Touch, Pleasance Courtyard, Edinburgh
A young woman jumps into the Thames and is rescued by a stranger. She was trying to end it all – or was she?
Touch is a promising first play by Bill Dare, better known as a producer on Spitting Image and Dead Ringers. Here, the comedy is tinged with mystery and even poignancy. Having dried off in Vernon's well-ordered flat, Emma is soon penetrating every well-concealed corner of his life. She clings to him, breezy and infuriatingly PC, earnestly (desperately?) trying to bond. Her half-engaging, half-maddening intrusion clearly isn't welcome.

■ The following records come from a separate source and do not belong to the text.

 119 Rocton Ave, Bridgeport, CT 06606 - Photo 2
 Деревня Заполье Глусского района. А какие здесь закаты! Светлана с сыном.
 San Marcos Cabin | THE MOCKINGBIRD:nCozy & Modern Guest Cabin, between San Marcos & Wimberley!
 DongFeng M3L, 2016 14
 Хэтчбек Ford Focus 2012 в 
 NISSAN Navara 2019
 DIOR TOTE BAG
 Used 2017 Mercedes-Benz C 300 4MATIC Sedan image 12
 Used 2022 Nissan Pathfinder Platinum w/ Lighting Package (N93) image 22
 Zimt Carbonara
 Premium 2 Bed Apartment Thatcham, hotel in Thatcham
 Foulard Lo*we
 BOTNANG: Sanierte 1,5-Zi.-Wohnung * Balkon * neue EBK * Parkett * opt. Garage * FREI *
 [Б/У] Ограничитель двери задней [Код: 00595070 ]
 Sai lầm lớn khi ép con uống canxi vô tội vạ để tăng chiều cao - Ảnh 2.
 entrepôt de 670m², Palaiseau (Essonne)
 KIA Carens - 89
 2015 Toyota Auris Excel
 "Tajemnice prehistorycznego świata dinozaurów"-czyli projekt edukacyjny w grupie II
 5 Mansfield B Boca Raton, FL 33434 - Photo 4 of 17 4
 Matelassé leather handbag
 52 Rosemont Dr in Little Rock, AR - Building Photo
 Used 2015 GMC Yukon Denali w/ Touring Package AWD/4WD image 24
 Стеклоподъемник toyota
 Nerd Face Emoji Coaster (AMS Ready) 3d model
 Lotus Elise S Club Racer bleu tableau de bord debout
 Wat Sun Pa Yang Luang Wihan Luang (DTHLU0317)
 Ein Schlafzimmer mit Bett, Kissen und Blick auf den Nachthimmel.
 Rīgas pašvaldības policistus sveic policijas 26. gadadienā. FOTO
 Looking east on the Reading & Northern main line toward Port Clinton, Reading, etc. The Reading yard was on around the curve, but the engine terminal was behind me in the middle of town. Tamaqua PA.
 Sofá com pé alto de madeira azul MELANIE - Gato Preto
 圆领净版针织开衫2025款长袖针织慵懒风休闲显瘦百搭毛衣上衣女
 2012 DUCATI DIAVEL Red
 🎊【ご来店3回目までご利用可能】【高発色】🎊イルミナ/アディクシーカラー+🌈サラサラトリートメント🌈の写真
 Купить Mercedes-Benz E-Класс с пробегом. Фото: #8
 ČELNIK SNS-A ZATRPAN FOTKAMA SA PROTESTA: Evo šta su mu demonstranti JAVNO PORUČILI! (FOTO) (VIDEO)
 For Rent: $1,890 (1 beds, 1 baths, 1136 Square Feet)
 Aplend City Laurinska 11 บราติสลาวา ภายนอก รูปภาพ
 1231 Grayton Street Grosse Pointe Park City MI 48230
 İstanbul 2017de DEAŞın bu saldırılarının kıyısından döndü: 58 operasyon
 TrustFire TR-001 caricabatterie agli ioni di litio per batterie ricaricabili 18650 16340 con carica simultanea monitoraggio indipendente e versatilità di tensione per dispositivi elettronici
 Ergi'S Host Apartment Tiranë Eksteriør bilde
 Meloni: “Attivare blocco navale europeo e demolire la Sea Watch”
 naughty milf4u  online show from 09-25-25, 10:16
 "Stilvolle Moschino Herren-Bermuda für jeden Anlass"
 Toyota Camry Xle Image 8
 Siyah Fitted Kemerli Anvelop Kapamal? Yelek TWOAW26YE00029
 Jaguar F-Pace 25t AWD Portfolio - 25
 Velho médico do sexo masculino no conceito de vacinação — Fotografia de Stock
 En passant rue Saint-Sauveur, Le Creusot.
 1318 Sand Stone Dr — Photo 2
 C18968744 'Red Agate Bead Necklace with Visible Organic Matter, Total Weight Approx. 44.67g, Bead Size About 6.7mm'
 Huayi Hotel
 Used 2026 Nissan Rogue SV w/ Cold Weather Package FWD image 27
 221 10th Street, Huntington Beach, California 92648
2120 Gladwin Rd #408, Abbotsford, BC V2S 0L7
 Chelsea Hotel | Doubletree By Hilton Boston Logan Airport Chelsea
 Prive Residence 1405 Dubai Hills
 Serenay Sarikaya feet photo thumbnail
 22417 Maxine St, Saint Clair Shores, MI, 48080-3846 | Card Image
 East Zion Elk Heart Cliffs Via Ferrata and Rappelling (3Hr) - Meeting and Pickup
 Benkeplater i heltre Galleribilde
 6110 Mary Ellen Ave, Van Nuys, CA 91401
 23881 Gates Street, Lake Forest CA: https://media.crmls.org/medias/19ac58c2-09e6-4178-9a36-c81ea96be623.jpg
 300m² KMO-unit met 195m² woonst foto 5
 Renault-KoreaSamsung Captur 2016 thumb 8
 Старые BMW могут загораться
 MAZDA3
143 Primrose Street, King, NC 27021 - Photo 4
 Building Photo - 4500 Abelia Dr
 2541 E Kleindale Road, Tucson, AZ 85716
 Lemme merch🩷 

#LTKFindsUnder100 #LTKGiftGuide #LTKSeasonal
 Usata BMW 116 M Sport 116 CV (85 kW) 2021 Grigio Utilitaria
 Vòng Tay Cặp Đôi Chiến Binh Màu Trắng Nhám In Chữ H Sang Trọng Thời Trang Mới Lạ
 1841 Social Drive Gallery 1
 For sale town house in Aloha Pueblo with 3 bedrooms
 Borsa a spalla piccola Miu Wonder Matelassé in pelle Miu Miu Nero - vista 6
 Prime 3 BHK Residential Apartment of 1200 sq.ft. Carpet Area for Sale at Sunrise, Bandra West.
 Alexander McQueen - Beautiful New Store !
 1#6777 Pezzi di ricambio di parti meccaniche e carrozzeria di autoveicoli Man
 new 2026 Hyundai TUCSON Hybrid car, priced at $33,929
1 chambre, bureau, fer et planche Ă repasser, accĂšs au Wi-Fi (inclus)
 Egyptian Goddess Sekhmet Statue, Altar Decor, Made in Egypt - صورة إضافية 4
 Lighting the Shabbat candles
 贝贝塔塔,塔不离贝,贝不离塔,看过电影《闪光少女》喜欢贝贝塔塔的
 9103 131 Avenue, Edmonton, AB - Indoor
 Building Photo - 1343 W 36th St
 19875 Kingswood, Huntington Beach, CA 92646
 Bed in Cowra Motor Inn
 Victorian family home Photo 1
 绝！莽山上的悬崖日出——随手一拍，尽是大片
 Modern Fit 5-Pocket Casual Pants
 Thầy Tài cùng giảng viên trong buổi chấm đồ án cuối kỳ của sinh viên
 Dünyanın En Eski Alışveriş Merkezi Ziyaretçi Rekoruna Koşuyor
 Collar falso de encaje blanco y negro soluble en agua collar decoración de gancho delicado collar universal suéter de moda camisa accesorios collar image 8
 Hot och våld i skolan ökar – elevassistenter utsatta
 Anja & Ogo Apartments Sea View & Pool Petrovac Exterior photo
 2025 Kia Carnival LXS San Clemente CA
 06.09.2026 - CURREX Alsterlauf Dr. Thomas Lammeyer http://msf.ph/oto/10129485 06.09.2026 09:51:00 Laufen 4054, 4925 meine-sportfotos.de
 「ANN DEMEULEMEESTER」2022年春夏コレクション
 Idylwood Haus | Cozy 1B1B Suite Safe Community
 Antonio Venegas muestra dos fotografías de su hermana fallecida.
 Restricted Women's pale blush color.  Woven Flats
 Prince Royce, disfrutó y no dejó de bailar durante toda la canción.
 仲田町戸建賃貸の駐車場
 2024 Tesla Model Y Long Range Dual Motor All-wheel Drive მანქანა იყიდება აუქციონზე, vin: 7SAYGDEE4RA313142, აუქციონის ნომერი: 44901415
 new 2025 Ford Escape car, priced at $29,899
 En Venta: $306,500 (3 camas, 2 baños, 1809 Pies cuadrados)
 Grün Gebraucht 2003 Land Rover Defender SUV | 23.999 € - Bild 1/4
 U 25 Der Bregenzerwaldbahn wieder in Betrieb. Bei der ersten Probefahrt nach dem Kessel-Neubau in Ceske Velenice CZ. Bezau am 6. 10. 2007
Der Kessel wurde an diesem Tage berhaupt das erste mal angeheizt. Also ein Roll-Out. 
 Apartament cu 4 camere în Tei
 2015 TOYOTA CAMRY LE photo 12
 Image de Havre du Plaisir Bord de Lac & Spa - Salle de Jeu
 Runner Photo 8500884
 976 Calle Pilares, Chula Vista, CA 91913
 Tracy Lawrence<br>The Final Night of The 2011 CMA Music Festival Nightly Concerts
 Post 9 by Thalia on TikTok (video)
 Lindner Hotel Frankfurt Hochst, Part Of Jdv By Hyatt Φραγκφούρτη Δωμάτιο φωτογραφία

Like the people whose mundane, lonely lives Vernon glimpses through his telescope (loftily described by him as an "image shift focuser"), he is shown to have an empty, meaningless existence. And he likes it that way, or so he thinks. Crusty by habit rather than nature, you feel, Vernon begins to regret having behaved so heroically. It wasn't even in character – as is clear when he accidentally reveals that he knows more about Emma than he's letting on.
Rupert Holliday Evans gives Vernon a blank expression and jerky gestures to proclaim his shy, self-centred way of life. Lucinda Millward captures the casual confidence that conceals Emma's insecurity and pain. Even when the plot and characterisation feel a little one-dimensional, the play's emotional texture is palpable.